The Busch 2090 learning computer of 1981 may be a niche thing in a niche thing but over the years it every now and then sparks the interest afresh in some of those who wanted to have or actually owned this 4-bit computer back then as a teenager. 12 years ago must have been such a time for Ingo Rullusen when he decided to program a Busch 2090 emulator for the PC. Fortunately, he put the code under the GPL and put it online. Unfortunately, 12 years is enough to make it difficult to get it working again on current operating systems.
12 years is a long time in computing. Back then, Ingo programmed his emulator in C++ with a graphical front-end using the qt3 framework. 12 years later, qt is at version 5 and, you’ve probably guessed, code compilation violently ends with a couple of errors. It seems the last time qt3 was supported on Ubuntu Linux was back in 2012. Even though Ubuntu 12.04 is no longer supported by Canonical one can still download an ISO installation image and install it in a virtual machine. And that’s what I did.
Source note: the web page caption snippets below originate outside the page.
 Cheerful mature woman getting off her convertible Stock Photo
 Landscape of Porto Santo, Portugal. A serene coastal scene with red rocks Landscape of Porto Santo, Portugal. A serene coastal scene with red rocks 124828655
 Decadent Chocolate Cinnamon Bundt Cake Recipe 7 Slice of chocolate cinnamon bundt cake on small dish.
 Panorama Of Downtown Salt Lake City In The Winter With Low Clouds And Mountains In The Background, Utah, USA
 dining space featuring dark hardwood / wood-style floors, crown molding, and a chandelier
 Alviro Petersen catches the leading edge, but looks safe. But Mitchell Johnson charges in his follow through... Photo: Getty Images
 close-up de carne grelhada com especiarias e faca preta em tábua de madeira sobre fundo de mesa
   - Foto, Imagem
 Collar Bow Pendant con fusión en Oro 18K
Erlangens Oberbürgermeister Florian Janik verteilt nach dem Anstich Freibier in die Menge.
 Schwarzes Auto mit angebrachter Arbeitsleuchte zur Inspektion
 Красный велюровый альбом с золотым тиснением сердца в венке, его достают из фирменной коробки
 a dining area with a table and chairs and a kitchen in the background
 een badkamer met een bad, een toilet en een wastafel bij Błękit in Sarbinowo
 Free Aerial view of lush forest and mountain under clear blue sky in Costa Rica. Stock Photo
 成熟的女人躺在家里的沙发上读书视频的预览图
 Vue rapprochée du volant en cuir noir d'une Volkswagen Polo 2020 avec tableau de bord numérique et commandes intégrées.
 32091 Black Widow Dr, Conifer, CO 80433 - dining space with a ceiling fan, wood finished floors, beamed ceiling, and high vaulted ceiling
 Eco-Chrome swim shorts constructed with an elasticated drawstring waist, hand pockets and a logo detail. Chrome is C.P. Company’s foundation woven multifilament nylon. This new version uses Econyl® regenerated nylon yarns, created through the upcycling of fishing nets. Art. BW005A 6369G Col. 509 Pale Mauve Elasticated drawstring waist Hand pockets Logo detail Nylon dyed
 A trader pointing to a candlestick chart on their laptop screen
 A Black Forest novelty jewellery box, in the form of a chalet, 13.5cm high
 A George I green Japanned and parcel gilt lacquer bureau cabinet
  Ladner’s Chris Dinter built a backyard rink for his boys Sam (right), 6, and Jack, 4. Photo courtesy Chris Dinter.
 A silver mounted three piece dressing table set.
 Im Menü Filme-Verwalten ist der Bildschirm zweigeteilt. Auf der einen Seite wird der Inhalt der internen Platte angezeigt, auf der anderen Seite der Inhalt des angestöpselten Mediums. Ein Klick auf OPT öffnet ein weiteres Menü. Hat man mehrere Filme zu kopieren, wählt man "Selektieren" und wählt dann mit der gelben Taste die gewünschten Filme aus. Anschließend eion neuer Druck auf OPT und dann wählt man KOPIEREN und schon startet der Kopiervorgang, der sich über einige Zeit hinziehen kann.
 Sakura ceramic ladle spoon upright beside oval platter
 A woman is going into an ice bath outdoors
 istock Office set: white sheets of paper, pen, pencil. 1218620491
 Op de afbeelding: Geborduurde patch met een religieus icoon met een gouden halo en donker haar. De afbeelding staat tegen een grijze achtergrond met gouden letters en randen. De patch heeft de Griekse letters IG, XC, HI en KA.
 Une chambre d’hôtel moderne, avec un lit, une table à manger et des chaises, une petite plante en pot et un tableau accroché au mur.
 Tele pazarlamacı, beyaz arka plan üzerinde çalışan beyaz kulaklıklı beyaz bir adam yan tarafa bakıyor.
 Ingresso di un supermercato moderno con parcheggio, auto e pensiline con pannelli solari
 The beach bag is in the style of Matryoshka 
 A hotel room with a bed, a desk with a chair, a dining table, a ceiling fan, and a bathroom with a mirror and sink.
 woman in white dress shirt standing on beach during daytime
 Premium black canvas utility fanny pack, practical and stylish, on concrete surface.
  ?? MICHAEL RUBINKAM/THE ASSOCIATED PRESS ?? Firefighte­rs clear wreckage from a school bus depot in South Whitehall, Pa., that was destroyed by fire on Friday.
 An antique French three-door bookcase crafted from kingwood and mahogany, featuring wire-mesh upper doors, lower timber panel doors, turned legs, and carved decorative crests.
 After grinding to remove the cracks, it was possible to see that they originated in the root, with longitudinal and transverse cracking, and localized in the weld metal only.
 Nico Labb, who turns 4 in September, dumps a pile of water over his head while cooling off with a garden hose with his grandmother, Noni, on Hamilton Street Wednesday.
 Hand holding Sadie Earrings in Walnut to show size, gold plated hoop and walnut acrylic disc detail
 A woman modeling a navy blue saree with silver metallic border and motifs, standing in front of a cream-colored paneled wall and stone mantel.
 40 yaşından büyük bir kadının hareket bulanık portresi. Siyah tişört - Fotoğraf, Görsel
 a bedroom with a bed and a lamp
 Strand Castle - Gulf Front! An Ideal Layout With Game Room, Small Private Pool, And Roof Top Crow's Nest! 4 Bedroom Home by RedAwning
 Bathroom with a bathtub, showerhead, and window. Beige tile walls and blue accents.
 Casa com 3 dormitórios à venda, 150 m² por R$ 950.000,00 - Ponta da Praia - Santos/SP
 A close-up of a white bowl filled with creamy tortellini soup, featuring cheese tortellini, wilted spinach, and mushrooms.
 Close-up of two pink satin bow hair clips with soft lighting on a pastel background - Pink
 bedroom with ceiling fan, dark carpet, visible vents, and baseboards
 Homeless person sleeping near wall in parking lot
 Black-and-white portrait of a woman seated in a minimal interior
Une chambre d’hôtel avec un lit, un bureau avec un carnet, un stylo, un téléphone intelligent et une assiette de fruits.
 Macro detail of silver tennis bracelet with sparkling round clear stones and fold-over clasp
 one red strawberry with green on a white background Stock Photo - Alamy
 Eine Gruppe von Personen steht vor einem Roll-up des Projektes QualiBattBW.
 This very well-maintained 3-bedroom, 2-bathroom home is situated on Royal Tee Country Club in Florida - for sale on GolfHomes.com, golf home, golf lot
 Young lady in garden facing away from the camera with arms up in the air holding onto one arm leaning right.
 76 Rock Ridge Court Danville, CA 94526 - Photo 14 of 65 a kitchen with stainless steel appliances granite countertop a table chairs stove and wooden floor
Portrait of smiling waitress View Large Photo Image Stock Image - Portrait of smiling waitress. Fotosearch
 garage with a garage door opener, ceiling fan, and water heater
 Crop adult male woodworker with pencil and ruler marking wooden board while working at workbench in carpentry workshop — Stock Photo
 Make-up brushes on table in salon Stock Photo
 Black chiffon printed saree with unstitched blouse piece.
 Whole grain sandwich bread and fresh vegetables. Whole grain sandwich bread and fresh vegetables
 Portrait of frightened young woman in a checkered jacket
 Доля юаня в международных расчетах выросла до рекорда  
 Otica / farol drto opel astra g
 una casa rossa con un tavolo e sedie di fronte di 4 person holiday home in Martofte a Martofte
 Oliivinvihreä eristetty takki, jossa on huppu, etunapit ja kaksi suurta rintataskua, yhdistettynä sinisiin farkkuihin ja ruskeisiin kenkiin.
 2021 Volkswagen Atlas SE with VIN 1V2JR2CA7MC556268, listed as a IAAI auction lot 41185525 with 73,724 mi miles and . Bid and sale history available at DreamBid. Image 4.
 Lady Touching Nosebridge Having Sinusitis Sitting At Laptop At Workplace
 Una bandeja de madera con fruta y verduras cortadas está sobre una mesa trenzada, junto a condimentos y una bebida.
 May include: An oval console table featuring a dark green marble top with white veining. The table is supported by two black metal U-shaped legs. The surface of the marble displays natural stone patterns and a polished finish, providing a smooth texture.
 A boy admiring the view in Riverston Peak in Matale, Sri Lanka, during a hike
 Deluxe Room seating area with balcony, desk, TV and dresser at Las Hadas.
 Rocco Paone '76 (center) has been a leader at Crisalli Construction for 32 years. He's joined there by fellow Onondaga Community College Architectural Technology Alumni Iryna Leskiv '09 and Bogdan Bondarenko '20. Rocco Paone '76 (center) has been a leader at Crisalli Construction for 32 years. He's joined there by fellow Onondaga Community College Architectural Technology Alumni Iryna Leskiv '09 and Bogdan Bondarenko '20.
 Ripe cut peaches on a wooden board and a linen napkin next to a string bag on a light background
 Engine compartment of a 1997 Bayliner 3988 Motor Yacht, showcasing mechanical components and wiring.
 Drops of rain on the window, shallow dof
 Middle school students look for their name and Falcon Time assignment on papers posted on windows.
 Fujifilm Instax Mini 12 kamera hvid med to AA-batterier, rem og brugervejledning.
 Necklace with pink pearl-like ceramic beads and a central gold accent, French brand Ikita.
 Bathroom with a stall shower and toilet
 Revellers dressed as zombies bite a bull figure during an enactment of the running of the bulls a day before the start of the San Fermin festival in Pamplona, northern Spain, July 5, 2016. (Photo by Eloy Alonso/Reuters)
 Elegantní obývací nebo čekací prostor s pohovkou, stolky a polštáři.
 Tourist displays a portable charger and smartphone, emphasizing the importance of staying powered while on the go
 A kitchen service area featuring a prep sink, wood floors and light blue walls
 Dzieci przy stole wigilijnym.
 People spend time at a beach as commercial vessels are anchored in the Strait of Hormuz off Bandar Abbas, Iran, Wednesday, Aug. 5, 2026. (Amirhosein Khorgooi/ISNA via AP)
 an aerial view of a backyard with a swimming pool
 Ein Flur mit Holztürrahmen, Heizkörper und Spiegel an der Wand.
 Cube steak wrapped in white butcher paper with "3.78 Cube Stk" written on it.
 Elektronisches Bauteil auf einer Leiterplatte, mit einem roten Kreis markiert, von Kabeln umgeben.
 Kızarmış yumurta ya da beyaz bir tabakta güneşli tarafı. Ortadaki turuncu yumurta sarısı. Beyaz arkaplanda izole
Even more fortunate, Canonical still has the repositories for 12.04 online so I was able to install the necessary qt and c++ runtime and development libraries. After a bit of tinkering with shell variables I was finally able to get the code compiled and running. The screenshot on the left shows the emulator on the left next to my Busch 2090 Assembler I programmed recently on the right. Programs can be read into the simulator by starting PGM-1 (load program from cassette) which opens a file manager dialog box to select a file that contains the hexadecimal pseudo-machine code.
The original emulator wants the input file to be in a very precise one 3 digit instruction without any empty lines or other gimmicks. That was a bit inconvenient for me as my assembler outputs the pseudo-machine code with empty lines by selecting the machine code column in the spread sheet and copying/pasting it into a text file. But fortunately it was not too difficult to find the part of the code responsible for reading input files so I could easily enhance the emulator for reading my output, too. In other words, the emulator is a perfect tool in combination with my assembler to explore the 2090. Another great thing for debugging is that Ingo’s emulator can output each instruction executed in an extra shell window together with the memory address and the register content before and after the execution of an instruction. That makes things a lot easier when things go south.
Obviously, carrying the torch forward is important so I’m making his code, my additions and a link to my portable VM image (1.9 GB…) available on Codeberg.